Tema central: Interpretação de texto e análise semântica do conectivo "mas", uma conjunção adversativa que expressa relação de oposição entre duas ideias.

A questão avalia sua capacidade de identificar o sentido que determinada conjunção imprime a duas partes do texto. No caso, o conectivo “mas”, conforme a norma-padrão, serve para oposicionar ideias ou criar contraste.

De acordo com a Nova Gramática do Português Contemporâneo (Cunha & Cintra), conjunções como “mas”, “porém”, e “contudo” introduzem orações coordenadas adversativas, sendo utilizadas para contrapor ou limitar a ideia anterior.

Análise do trecho:
Antes do “mas”, a autora relata os acontecimentos e impactos: o cometa desaparece, o mundo não acaba, mas talvez fique triste. Após o “mas”, questiona-se a relevância da tristeza das crianças. Ou seja, apesar de tudo, a tristeza infantil é minimizada pelo olhar adulto.

Portanto, o “mas” liga ideias opostas: há tristeza (possível consequência emotiva), porém ela é vista como irrelevante (oposição ao sentimento expresso).

Análise crítica das alternativas:

B) Condição: Para indicar condição, seria empregada uma conjunção como "se". Não é o caso.

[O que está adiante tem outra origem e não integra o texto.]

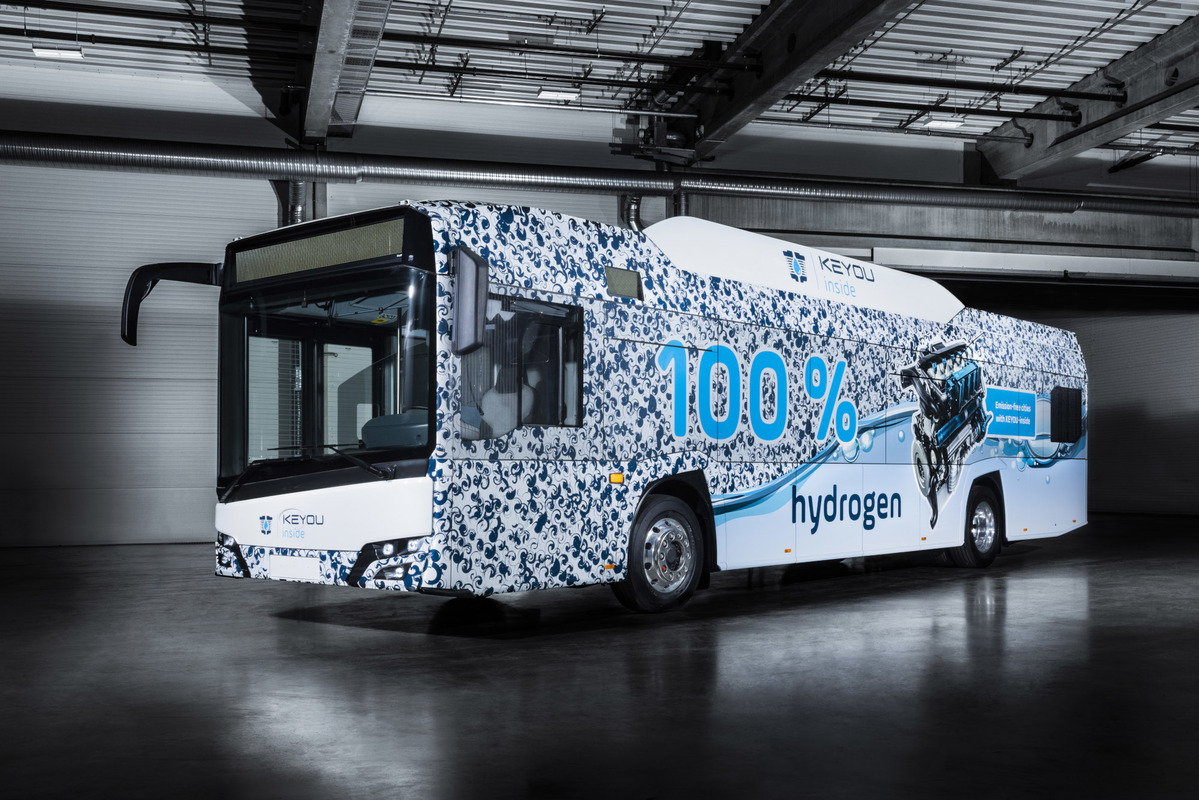 The vehicle is equipped with a unique combination of “KEYOU-inside hydrogen engine” and Voith DIWA NXT mild-hybrid system. The vehicle is equipped with a unique combination of “KEYOU-inside hydrogen engine” and Voith DIWA NXT mild-hybrid system.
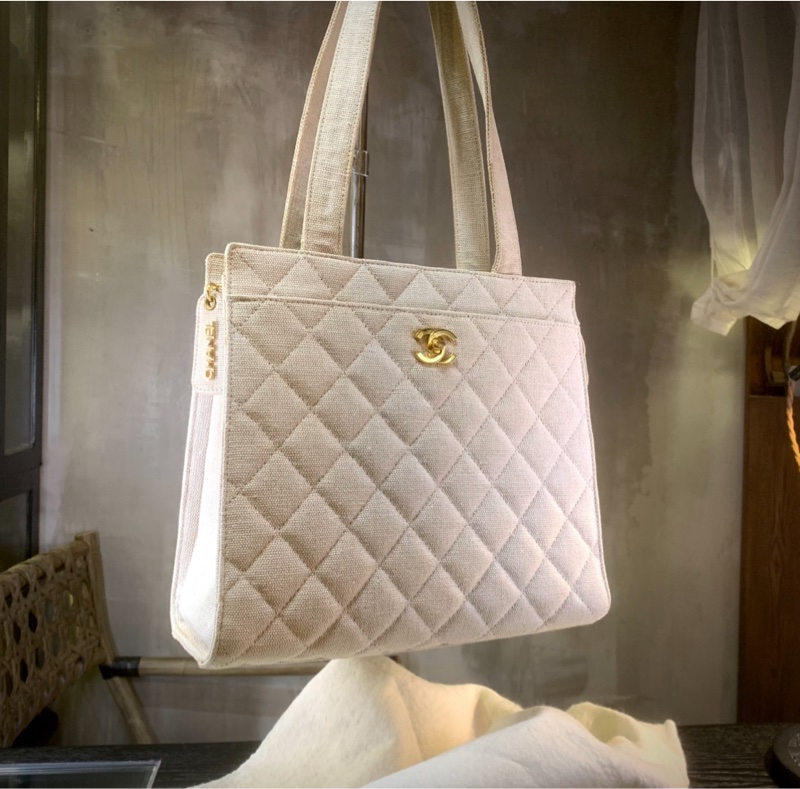 香奈兒中古麻質菱格紋單肩包 Chanel Vintage Linen Diamond Quilted  Tote Bag With CC Logo In Beige-0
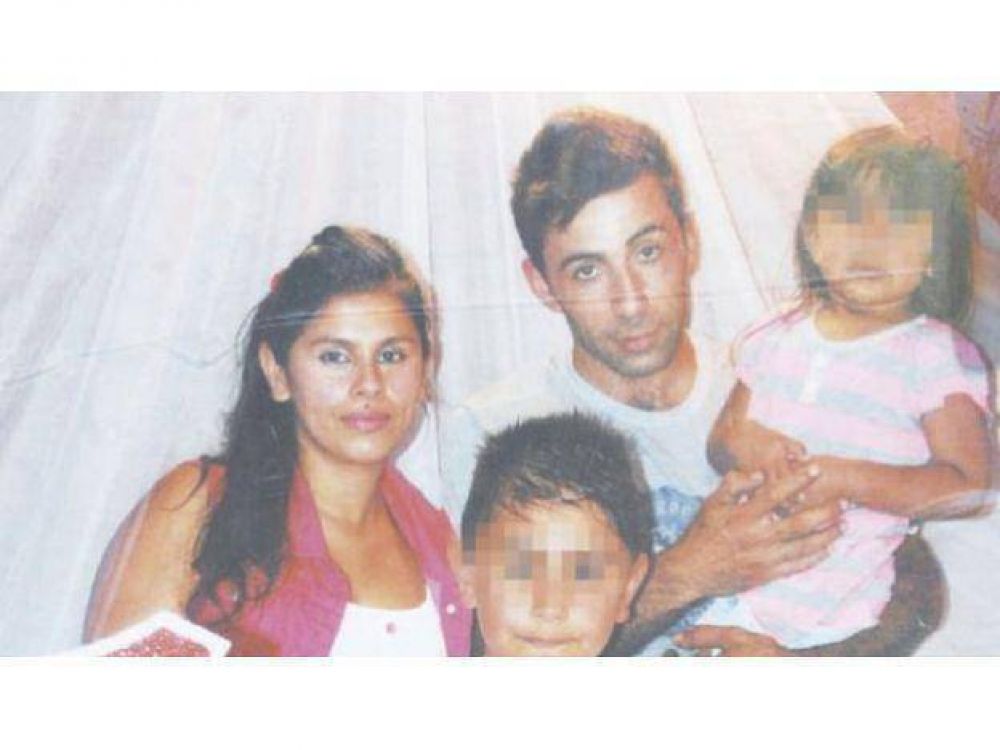 Una mujer escuch� tiros, se asom� a ver y recibi� un disparo en la frente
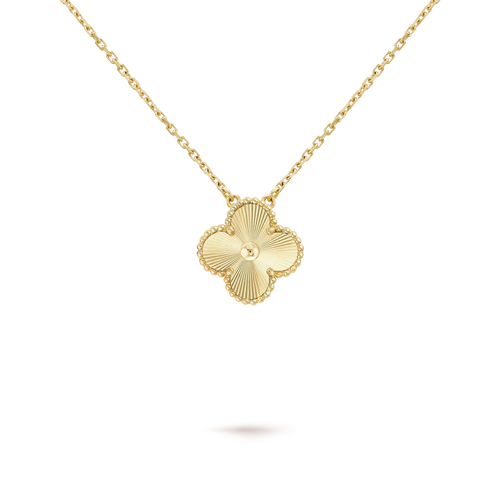 Lavish Four-Leaf Clover Necklace – Gold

C) Conclusão: Conectivos de conclusão seriam "portanto", "logo", "assim". "Mas" não conclui, apenas contrapõe.

D) Acrescentamento: Acrescentar algo envolve "e", "além disso". Não há mera soma, mas contraste.

Dica de prova: Sempre que encontrar conectivos, lembre-se de identificar o valor lógico principal: conjunções adversativas como “mas” quase sempre indicam oposição ou restrição à ideia anterior, como exemplificam os principais manuais de redação e gramáticas.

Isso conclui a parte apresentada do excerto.